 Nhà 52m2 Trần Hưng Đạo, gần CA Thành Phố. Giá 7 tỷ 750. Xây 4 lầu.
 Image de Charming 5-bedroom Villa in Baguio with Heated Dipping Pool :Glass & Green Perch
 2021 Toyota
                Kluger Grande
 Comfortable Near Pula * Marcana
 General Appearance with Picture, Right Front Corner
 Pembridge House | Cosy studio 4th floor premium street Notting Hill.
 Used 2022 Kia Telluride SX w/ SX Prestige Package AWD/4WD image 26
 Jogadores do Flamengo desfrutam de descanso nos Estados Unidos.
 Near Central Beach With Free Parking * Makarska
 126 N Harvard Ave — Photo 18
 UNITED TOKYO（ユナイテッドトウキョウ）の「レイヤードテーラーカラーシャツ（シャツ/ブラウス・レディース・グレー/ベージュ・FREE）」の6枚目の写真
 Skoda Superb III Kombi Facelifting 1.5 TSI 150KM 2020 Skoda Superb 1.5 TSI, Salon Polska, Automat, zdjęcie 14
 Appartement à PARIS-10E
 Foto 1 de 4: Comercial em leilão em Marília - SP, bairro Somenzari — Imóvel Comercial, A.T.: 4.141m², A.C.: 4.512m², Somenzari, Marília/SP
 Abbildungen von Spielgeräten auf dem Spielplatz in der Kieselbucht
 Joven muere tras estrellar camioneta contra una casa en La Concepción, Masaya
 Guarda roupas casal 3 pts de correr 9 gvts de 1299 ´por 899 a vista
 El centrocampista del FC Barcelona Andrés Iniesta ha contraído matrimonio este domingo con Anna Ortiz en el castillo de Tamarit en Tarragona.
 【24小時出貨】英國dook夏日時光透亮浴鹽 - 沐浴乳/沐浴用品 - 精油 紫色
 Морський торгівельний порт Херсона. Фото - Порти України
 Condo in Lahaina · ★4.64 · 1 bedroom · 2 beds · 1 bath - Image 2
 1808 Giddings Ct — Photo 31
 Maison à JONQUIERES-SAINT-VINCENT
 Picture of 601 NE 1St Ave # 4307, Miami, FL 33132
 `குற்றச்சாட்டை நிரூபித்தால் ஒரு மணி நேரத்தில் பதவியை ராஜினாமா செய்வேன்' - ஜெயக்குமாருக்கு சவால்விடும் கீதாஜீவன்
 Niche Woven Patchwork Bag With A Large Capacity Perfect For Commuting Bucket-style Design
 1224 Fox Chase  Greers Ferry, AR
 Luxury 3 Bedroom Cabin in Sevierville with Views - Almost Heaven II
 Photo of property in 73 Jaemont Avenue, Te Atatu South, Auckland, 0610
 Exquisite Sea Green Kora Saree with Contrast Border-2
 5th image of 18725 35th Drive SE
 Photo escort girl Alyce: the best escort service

> **Task brief**: Retype the entries above exactly, but only from the line containing "Appartement à PARIS-10E" through the line containing "ஜெயக்குமாருக்கு சவால்விடும் கீதாஜீவன்", both included.

> **Response to this task**:
 Appartement à PARIS-10E
 Foto 1 de 4: Comercial em leilão em Marília - SP, bairro Somenzari — Imóvel Comercial, A.T.: 4.141m², A.C.: 4.512m², Somenzari, Marília/SP
 Abbildungen von Spielgeräten auf dem Spielplatz in der Kieselbucht
 Joven muere tras estrellar camioneta contra una casa en La Concepción, Masaya
 Guarda roupas casal 3 pts de correr 9 gvts de 1299 ´por 899 a vista
 El centrocampista del FC Barcelona Andrés Iniesta ha contraído matrimonio este domingo con Anna Ortiz en el castillo de Tamarit en Tarragona.
 【24小時出貨】英國dook夏日時光透亮浴鹽 - 沐浴乳/沐浴用品 - 精油 紫色
 Морський торгівельний порт Херсона. Фото - Порти України
 Condo in Lahaina · ★4.64 · 1 bedroom · 2 beds · 1 bath - Image 2
 1808 Giddings Ct — Photo 31
 Maison à JONQUIERES-SAINT-VINCENT
 Picture of 601 NE 1St Ave # 4307, Miami, FL 33132
 `குற்றச்சாட்டை நிரூபித்தால் ஒரு மணி நேரத்தில் பதவியை ராஜினாமா செய்வேன்' - ஜெயக்குமாருக்கு சவால்விடும் கீதாஜீவன்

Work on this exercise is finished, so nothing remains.